• [Problem statement]: Two lines in the listing below mark the span: one contains "60mm x 50mm" and one contains "CAMPER Twins by". Reproduce both of them and everything between, exactly.

• [Data provided]:
_ _ _ _ _ _ _
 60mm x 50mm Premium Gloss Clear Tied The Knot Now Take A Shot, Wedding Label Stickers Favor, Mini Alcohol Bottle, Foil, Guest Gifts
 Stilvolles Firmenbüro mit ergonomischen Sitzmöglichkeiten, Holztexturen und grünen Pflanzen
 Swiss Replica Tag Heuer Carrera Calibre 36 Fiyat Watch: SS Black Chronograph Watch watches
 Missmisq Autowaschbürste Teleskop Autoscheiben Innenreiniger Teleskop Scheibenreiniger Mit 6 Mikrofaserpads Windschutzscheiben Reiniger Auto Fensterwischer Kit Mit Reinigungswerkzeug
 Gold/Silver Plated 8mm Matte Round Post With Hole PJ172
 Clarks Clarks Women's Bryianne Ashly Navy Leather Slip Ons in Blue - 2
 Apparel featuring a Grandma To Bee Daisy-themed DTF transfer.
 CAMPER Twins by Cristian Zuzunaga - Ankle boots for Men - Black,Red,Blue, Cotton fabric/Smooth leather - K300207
_ _ _ _ _ _ _
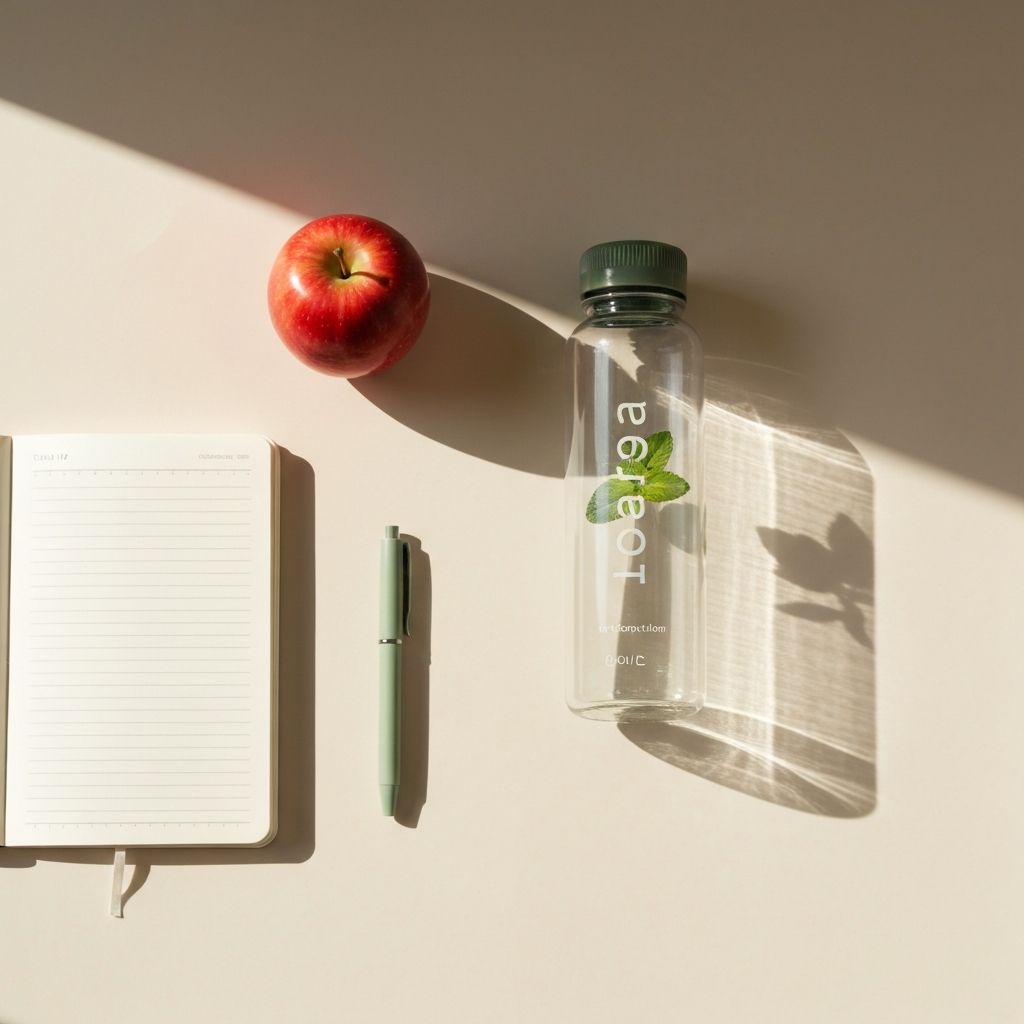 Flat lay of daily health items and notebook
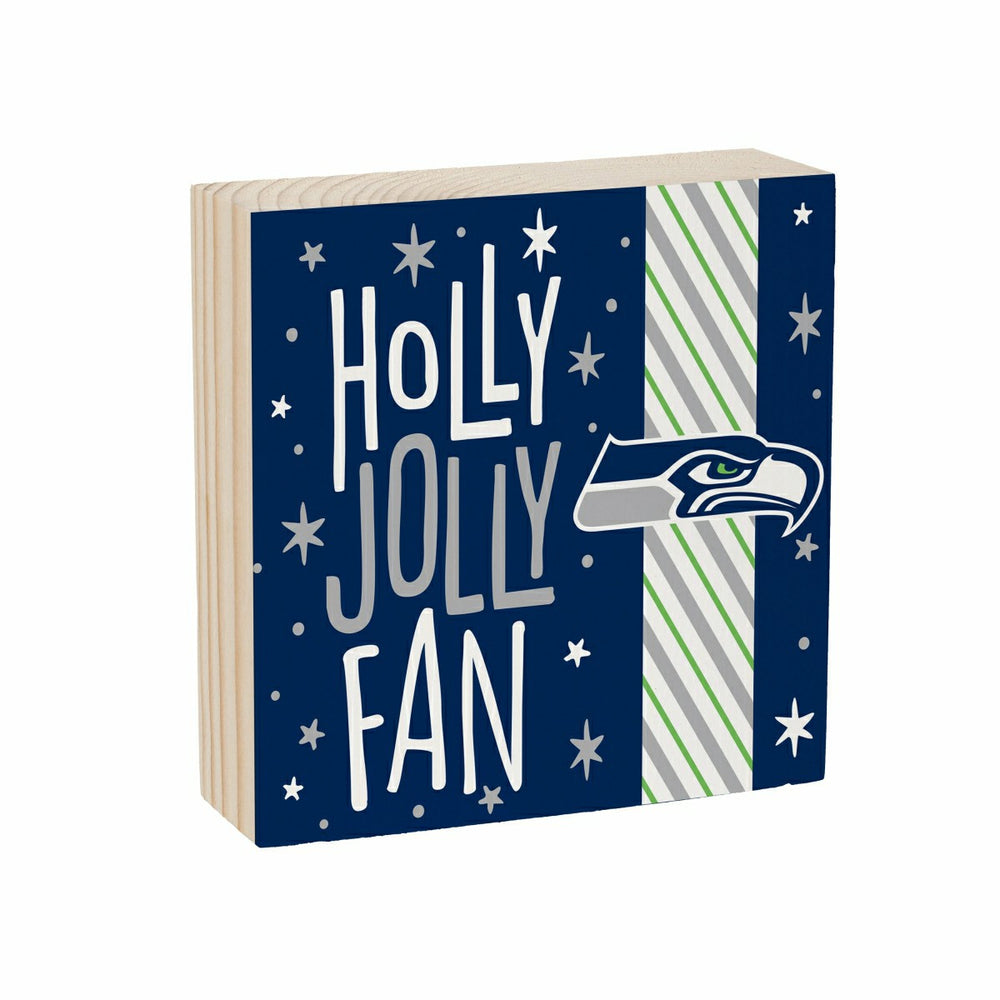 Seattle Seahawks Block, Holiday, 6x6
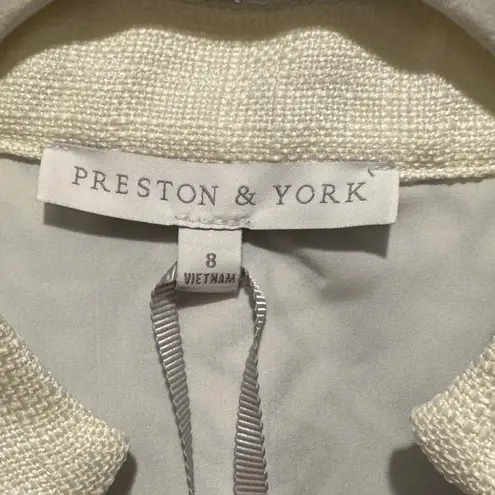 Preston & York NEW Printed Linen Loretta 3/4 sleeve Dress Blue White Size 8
_ _ _ _ _ _ _
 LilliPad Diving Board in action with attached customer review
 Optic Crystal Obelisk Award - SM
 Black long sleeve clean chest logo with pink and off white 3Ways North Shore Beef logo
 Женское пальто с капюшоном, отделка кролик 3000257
_ _ _ _ _ _ _
• [Reply to the task]:
 60mm x 50mm Premium Gloss Clear Tied The Knot Now Take A Shot, Wedding Label Stickers Favor, Mini Alcohol Bottle, Foil, Guest Gifts
 Stilvolles Firmenbüro mit ergonomischen Sitzmöglichkeiten, Holztexturen und grünen Pflanzen
 Swiss Replica Tag Heuer Carrera Calibre 36 Fiyat Watch: SS Black Chronograph Watch watches
 Missmisq Autowaschbürste Teleskop Autoscheiben Innenreiniger Teleskop Scheibenreiniger Mit 6 Mikrofaserpads Windschutzscheiben Reiniger Auto Fensterwischer Kit Mit Reinigungswerkzeug
 Gold/Silver Plated 8mm Matte Round Post With Hole PJ172
 Clarks Clarks Women's Bryianne Ashly Navy Leather Slip Ons in Blue - 2
 Apparel featuring a Grandma To Bee Daisy-themed DTF transfer.
 CAMPER Twins by Cristian Zuzunaga - Ankle boots for Men - Black,Red,Blue, Cotton fabric/Smooth leather - K300207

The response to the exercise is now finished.